Part pagan, with just a nod to Christian, our old tales twist in the telling down the centuries. In the fourteenth century those careful to cover their bases would invoke Gwynn’s name before entering wooded areas, proclaiming: “to the king of Spirits, and to his queen–Gwyn ap Nudd, you who are yonder in the forest, for love of your mate, permit us to enter your dwelling.”

He is a strange figure in folklore, Gwyn, like many gods and demi gods associated with the otherworld, be it fairy or afterlife, his character is dimorphic. He has honour but is terrible in anger, wreaks havoc for revenge and fights for forbidden love. He guides the souls of fallen warriors to a heaven of apple trees and heather beer and yet he torments the living with his phantasmagorical hunt.

The Wild Hunt is likely a construct used by early Christianity to keep the easily swayed from slip sliding back into pagan ways. It is an old old story from the turning of the year, when the wild geese migrating overhead sounded like hounds baying beyond the clouds. It has been spun into a threat to keep the pious at the home heart and to godly ways during the traditional Yuletide celebrations. It taps into ancient fears passed down in the blood and it rises in those winter nights when our mortality is all too apparent.

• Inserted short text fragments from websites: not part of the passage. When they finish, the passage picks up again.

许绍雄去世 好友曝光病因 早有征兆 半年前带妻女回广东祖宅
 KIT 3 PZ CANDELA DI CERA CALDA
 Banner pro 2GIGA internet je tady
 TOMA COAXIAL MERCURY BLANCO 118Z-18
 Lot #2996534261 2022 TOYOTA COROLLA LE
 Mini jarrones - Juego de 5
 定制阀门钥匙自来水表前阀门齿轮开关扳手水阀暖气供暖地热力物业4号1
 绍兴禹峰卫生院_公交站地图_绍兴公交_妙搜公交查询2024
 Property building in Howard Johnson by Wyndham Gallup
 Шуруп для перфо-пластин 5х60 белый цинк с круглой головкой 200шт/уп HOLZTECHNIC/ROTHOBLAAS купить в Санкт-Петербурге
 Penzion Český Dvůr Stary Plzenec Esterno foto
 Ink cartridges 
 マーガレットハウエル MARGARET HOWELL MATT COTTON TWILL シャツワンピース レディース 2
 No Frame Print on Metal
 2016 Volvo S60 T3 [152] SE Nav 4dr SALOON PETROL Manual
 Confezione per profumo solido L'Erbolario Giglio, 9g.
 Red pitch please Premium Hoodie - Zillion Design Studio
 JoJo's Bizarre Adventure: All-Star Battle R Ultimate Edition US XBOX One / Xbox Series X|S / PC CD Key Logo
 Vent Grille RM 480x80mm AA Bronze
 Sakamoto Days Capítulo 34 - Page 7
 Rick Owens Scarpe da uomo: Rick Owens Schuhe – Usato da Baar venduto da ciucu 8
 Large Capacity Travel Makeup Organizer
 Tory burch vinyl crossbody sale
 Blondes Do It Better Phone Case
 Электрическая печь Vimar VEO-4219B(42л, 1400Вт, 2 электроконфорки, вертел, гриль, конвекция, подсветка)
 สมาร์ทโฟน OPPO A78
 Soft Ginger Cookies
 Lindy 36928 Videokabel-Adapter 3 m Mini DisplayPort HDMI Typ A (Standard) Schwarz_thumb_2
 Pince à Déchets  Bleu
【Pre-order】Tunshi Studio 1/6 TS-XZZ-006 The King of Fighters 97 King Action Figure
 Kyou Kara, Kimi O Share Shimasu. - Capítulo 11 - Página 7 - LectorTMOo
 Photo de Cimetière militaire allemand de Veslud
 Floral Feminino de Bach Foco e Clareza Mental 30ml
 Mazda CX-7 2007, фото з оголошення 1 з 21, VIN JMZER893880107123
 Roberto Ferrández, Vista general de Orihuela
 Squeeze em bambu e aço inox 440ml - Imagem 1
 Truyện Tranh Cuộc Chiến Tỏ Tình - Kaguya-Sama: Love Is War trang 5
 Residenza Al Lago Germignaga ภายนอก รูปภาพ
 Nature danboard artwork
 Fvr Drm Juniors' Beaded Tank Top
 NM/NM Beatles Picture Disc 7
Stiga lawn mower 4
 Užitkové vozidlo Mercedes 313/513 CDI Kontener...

Those who are routinely abroad in these winter nights must be strong of spirit, sure of their goodness or used to the fear, a familiar companion. As an old railway man I used to know would say, before he made his way along the dark iron tracks to his lonely signal box, “I’ve been living in the woods too long to be frightened of the owls.”

This is our Yule. We feel the year turn. Orion bestrides the night sky and Sirius, the dog star, gleams in the midnight blue and amongst the frost rimed leaf litter Gwyn ap Nudd, leader of the Wild Hunt, holds his horse in check and waits to lets his hounds catch the scent.